Astute followers of artificial intelligence may recall a moment from three years ago, when Google announced it had birthed unto the world a computer able to recognize cats using only videos uploaded by YouTube users. At the time, this represented something of a high water mark in AI. To get an idea for how far we have come since then, one has only to reflect on recent advances in the RoboWatch project, an endeavor that is teaching computers to learn complex tasks using instructional videos posted on YouTube.
That innocent “learn to play guitar” clip you posted on your YouTube video feed last week? It may someday contribute to putting Carlos Santana out of a job. That’s probably pushing it; it’s more likely that thousands of home nurses and domestic staff will be axed long before guitar gods have to compete with robots. A recent groundswell of interest in bringing robots into the marketplace as caregivers for the elderly and infirm, in part fueled by graying population bases throughout the developed world, has created the necessity for teaching robots simple household tasks. Enter the RoboWatch project.

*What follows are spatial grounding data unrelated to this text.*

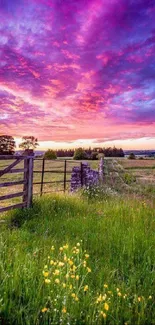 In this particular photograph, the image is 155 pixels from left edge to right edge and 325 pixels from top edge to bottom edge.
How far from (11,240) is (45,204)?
340 cm

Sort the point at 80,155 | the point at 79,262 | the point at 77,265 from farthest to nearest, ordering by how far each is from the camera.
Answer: the point at 80,155 < the point at 79,262 < the point at 77,265

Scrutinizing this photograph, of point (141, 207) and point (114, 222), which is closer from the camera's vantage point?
point (114, 222)

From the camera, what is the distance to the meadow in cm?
313

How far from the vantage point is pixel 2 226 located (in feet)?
24.1

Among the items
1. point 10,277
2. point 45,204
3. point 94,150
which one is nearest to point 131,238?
point 10,277

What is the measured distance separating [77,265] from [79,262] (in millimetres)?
172

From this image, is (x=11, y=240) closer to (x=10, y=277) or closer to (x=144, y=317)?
(x=10, y=277)

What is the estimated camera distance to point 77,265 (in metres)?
4.30

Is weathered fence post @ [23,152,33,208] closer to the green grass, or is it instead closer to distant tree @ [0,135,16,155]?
the green grass

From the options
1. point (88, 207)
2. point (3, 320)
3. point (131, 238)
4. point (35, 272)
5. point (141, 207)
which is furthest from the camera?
point (88, 207)

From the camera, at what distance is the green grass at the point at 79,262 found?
3.14 metres

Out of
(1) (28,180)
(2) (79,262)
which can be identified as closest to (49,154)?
(1) (28,180)

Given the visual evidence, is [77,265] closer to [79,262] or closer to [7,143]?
[79,262]

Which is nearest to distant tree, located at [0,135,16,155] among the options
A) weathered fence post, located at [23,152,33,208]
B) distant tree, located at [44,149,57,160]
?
distant tree, located at [44,149,57,160] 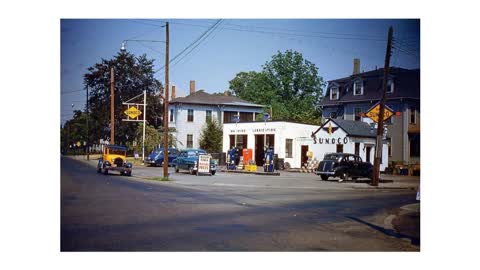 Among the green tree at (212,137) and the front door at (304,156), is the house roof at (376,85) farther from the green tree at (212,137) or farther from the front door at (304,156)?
the green tree at (212,137)

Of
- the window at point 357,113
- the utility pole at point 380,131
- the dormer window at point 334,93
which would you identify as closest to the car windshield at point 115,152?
the dormer window at point 334,93

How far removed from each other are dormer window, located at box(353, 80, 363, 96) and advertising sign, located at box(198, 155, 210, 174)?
986 centimetres

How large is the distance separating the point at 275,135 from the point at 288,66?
991cm

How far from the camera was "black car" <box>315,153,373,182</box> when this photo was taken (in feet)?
65.5

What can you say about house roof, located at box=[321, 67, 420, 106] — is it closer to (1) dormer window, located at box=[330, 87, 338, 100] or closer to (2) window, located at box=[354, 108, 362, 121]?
(1) dormer window, located at box=[330, 87, 338, 100]

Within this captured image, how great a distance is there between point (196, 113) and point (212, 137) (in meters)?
2.79

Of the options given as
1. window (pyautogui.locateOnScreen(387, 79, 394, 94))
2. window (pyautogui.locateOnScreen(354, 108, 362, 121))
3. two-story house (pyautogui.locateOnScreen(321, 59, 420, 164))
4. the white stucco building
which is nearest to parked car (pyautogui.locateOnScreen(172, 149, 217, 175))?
the white stucco building

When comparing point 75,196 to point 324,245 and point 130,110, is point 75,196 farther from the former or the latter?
point 130,110

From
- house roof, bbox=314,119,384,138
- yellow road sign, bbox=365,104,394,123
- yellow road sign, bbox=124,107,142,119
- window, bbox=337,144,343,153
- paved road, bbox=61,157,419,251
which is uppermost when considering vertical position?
yellow road sign, bbox=124,107,142,119

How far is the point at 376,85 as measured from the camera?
57.7ft

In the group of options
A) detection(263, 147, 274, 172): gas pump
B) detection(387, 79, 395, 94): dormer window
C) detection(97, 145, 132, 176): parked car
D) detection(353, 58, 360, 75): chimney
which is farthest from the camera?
detection(263, 147, 274, 172): gas pump

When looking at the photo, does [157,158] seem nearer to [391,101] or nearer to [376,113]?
[376,113]

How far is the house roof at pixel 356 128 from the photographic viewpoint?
17562 millimetres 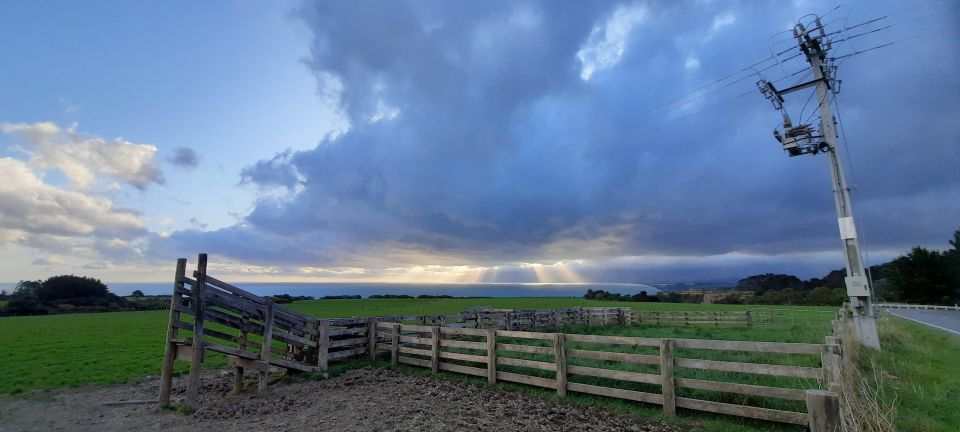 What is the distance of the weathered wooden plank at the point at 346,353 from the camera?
12.8m

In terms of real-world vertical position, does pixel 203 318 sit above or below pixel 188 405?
above

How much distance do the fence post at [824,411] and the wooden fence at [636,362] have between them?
2 centimetres

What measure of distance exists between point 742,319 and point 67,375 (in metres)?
35.1

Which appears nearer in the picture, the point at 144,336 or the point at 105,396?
the point at 105,396

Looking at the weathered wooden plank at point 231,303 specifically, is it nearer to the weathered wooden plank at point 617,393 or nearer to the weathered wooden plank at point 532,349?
the weathered wooden plank at point 532,349

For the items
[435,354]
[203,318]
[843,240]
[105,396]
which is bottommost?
[105,396]

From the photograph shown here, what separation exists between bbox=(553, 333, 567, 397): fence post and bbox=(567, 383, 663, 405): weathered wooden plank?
0.14m

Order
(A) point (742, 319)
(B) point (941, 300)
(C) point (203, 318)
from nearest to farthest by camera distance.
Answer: (C) point (203, 318) < (A) point (742, 319) < (B) point (941, 300)

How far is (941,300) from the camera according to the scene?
57.2 meters

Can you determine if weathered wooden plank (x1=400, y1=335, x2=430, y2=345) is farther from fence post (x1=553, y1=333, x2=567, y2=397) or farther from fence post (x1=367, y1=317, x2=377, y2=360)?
fence post (x1=553, y1=333, x2=567, y2=397)

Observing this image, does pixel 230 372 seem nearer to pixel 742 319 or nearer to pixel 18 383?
pixel 18 383

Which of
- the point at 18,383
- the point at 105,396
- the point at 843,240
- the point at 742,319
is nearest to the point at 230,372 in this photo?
the point at 105,396

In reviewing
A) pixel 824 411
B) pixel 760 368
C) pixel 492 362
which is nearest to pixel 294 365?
pixel 492 362

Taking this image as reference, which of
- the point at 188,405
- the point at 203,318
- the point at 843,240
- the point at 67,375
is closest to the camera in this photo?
the point at 188,405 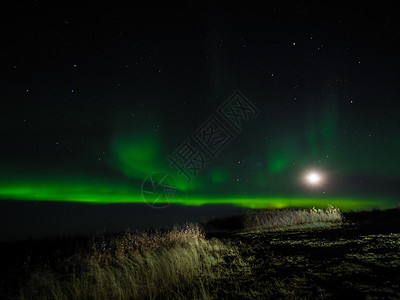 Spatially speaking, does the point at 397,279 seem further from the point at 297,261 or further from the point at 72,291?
the point at 72,291

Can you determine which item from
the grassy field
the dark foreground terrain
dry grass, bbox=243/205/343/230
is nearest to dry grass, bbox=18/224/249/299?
the grassy field

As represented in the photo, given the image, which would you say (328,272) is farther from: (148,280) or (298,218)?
(298,218)

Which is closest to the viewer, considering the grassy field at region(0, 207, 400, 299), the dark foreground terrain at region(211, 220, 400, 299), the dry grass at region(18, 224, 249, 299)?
the dark foreground terrain at region(211, 220, 400, 299)

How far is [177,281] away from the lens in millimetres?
6105

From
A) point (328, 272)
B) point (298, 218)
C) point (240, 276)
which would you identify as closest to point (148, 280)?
point (240, 276)

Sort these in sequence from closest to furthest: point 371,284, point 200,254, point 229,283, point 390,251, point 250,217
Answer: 1. point 371,284
2. point 229,283
3. point 390,251
4. point 200,254
5. point 250,217

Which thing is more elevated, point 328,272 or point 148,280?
point 148,280

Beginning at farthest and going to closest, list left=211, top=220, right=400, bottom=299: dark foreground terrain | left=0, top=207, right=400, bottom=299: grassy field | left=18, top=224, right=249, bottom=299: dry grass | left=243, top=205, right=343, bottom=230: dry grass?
left=243, top=205, right=343, bottom=230: dry grass < left=18, top=224, right=249, bottom=299: dry grass < left=0, top=207, right=400, bottom=299: grassy field < left=211, top=220, right=400, bottom=299: dark foreground terrain

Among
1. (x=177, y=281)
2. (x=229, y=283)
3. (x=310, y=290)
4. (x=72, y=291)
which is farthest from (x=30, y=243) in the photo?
(x=310, y=290)

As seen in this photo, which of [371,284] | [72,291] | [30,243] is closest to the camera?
[371,284]

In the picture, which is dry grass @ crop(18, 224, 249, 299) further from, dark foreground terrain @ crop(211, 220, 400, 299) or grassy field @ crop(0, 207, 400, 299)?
dark foreground terrain @ crop(211, 220, 400, 299)

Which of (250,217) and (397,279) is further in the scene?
(250,217)

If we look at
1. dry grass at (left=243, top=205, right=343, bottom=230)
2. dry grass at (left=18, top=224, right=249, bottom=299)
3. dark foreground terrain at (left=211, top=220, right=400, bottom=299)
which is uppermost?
dry grass at (left=243, top=205, right=343, bottom=230)

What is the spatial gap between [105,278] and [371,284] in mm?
5751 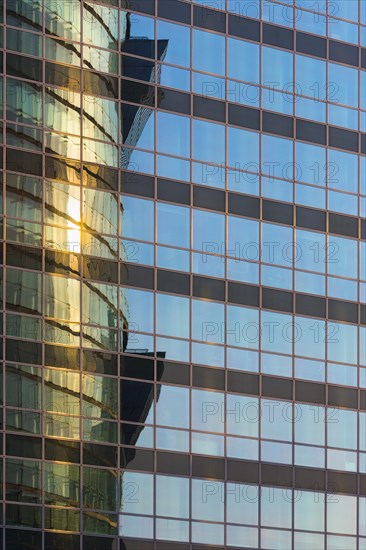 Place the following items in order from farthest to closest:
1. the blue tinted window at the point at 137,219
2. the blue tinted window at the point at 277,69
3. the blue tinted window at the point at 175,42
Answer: the blue tinted window at the point at 277,69, the blue tinted window at the point at 175,42, the blue tinted window at the point at 137,219

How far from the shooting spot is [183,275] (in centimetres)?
5022

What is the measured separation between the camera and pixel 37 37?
4834cm

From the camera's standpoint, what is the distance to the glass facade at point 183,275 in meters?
47.2

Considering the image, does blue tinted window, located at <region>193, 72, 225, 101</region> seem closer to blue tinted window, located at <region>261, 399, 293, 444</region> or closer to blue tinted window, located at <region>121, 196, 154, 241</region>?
blue tinted window, located at <region>121, 196, 154, 241</region>

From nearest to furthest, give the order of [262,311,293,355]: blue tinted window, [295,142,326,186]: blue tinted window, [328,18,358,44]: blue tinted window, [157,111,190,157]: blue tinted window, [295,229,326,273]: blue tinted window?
[157,111,190,157]: blue tinted window < [262,311,293,355]: blue tinted window < [295,229,326,273]: blue tinted window < [295,142,326,186]: blue tinted window < [328,18,358,44]: blue tinted window

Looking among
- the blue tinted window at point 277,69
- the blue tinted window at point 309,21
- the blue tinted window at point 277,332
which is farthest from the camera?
the blue tinted window at point 309,21

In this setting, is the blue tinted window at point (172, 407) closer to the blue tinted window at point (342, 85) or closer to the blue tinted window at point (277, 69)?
the blue tinted window at point (277, 69)

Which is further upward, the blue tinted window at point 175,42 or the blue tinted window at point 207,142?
the blue tinted window at point 175,42

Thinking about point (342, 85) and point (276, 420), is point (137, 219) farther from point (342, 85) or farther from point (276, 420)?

Most advanced forms of AI currently in use rely upon a branch of supervised machine learning, which requires large datasets to be “trained” on. The basic idea is that when provided with a sufficiently large database of labeled examples, the computer can learn to recognize what differentiates the items within the training set, and later apply that classifying ability to new instances it encounters. The one drawback to this form of artificial intelligence is that it requires large databases of labeled examples, which are not always available or require much human curation to create.
RoboWatch is taking a different tack, using what’s called unsupervised learning to discover the important steps in YouTube instructional videos without any previous labeling of data. Take for instance a YouTube video on omelet making. Using the RoboWatch method, the computer successfully parsed the video on omelet creation and catalog the important steps without having first been trained with labeled examples.

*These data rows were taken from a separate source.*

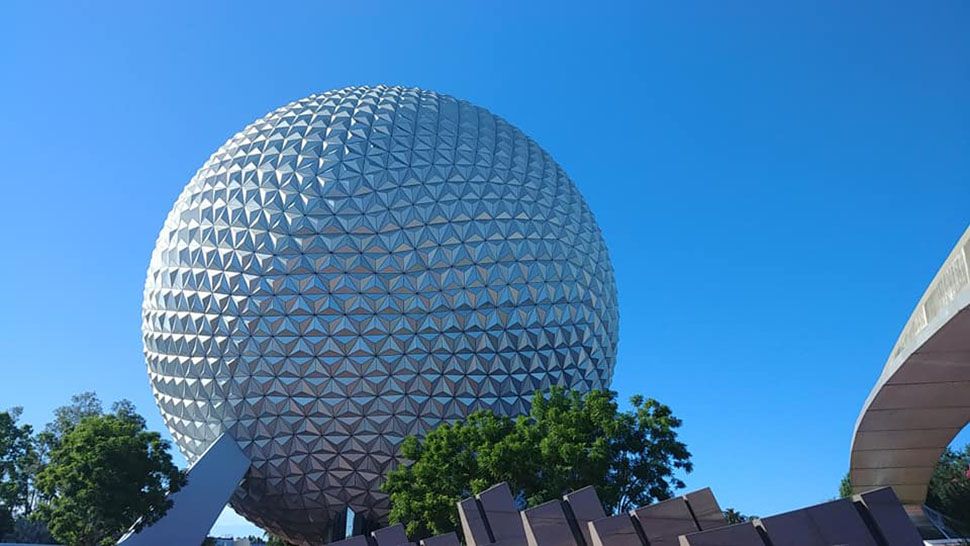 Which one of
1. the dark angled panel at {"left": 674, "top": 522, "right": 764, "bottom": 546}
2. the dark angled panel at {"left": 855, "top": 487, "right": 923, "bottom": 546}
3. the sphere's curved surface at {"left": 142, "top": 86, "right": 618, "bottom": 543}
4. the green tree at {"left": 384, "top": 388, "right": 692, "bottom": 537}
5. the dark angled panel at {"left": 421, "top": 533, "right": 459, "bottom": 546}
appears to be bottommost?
the dark angled panel at {"left": 855, "top": 487, "right": 923, "bottom": 546}

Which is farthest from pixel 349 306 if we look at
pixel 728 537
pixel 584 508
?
pixel 728 537

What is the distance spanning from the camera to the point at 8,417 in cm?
2609

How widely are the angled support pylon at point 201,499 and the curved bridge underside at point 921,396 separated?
18.1m

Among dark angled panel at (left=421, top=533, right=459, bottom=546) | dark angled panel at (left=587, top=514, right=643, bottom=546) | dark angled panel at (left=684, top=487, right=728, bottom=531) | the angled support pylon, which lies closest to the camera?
dark angled panel at (left=587, top=514, right=643, bottom=546)

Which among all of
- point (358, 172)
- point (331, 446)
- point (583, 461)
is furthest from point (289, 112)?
point (583, 461)

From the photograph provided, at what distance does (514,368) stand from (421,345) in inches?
130

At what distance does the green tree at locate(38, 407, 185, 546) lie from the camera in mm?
19750

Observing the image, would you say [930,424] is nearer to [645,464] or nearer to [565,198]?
[645,464]

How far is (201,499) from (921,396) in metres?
20.2

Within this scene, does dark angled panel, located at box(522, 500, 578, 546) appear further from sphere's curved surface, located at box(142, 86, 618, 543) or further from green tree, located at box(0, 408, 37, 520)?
green tree, located at box(0, 408, 37, 520)

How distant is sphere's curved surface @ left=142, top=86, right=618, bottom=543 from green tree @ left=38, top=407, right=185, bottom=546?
3.09 meters

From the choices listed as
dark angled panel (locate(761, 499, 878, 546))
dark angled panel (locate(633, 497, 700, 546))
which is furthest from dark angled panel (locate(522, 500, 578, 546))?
dark angled panel (locate(761, 499, 878, 546))

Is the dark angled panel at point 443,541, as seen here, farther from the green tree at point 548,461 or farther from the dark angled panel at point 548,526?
the green tree at point 548,461

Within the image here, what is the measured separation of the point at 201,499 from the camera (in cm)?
2283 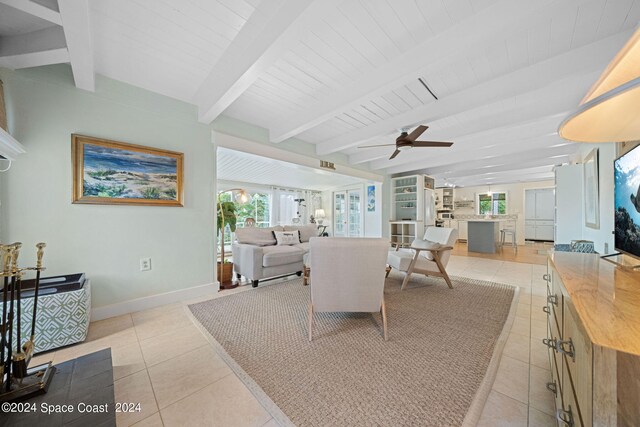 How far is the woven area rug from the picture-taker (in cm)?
114

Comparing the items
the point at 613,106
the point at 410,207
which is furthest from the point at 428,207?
the point at 613,106

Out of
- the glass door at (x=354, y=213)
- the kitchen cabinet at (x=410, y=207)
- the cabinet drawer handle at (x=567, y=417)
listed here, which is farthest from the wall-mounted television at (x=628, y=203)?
the glass door at (x=354, y=213)

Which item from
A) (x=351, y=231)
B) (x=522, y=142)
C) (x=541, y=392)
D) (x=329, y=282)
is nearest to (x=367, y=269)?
(x=329, y=282)

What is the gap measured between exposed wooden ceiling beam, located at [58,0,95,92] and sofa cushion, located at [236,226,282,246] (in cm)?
241

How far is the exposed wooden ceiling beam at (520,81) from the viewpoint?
65.1 inches

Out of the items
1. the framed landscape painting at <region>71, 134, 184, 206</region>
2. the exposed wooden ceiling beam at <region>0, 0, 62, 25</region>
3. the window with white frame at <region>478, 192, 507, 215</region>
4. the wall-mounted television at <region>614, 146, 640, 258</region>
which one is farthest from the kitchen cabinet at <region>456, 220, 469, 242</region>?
the exposed wooden ceiling beam at <region>0, 0, 62, 25</region>

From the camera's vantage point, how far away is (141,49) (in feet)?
6.04

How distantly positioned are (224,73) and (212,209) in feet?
5.32

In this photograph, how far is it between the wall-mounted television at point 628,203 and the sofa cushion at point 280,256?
314cm

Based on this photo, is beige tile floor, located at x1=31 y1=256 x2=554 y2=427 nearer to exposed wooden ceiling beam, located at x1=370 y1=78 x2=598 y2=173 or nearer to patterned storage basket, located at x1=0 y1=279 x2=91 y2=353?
patterned storage basket, located at x1=0 y1=279 x2=91 y2=353

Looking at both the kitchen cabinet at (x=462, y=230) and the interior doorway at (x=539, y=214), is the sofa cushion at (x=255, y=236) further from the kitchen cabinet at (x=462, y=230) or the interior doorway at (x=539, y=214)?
the interior doorway at (x=539, y=214)

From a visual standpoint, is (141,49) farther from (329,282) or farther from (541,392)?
(541,392)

It was able to do this by looking at a large amount of instructional omelet-making videos on YouTube and creating a universal storyline from their audio and video signals. As it turns out, most of these videos will contain certain identical steps, such as cracking the eggs, whisking them in a bowl, and so on. When presented with enough video footage, the RoboWatch algorithm can tease out what the essential parts of the process are and what is arbitrary, creating a kind of archetypal omelet formula. It’s easy to see how unsupervised learning could quickly enable a robot to gain a vast assortment of practical household know-how while keeping human instruction to a minimum.

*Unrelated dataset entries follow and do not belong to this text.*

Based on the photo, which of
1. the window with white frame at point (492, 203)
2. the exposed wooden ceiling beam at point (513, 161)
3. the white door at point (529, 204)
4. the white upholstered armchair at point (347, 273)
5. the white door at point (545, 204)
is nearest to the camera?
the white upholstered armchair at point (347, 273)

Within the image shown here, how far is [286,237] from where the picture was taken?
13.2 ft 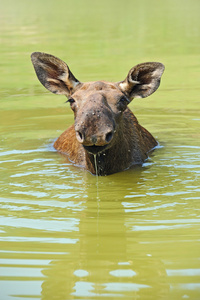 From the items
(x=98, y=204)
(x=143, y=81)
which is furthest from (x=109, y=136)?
(x=143, y=81)

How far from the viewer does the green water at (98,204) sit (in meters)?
6.07

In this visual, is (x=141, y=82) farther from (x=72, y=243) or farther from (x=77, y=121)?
(x=72, y=243)

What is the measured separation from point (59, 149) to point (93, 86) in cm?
285

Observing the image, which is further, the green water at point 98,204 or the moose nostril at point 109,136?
the moose nostril at point 109,136

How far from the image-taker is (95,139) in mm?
8273

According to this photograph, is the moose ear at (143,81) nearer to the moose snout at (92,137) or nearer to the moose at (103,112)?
the moose at (103,112)

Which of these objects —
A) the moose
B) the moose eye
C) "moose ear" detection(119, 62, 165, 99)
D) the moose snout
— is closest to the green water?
the moose

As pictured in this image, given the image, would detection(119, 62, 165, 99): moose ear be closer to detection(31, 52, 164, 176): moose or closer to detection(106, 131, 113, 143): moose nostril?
detection(31, 52, 164, 176): moose

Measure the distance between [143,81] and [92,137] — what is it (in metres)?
2.10

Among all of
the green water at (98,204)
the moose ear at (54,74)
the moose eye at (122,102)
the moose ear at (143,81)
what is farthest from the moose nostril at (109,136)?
the moose ear at (54,74)

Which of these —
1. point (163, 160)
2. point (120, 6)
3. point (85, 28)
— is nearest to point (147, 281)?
point (163, 160)

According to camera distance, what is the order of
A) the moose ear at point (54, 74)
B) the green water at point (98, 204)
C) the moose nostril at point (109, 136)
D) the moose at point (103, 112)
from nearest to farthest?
the green water at point (98, 204) < the moose at point (103, 112) < the moose nostril at point (109, 136) < the moose ear at point (54, 74)

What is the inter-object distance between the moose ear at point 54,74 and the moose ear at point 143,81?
744mm

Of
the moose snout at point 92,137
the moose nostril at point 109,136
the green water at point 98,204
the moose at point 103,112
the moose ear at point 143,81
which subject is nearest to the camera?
the green water at point 98,204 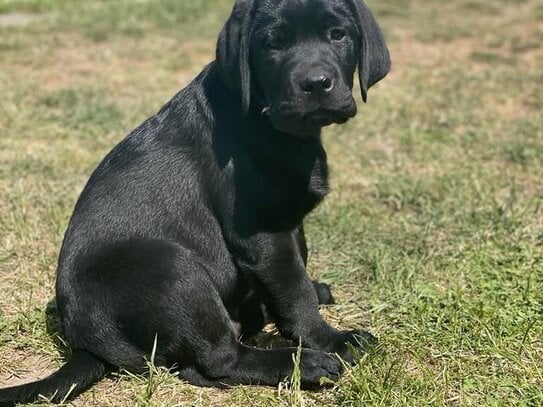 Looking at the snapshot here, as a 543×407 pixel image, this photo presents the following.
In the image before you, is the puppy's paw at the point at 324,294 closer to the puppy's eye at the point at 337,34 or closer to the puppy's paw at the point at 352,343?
the puppy's paw at the point at 352,343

The RoboWatch project follows similar advances in video captioning pioneered at Carnegie Mellon University. Earlier this year, we reported on a project headed by Dr. Eric Xing, which seeks to use real-time video summarization to detect unusual activity in video feeds. This could lead to surveillance cameras with the built-in ability to detect suspicious activity. Putting these developments together, it’s clear unsupervised learning models using video footage are likely to pave the way for the next breakthrough in artificial intelligence, one that will see robots entering our lives in ways that are likely to both scare and fascinate us.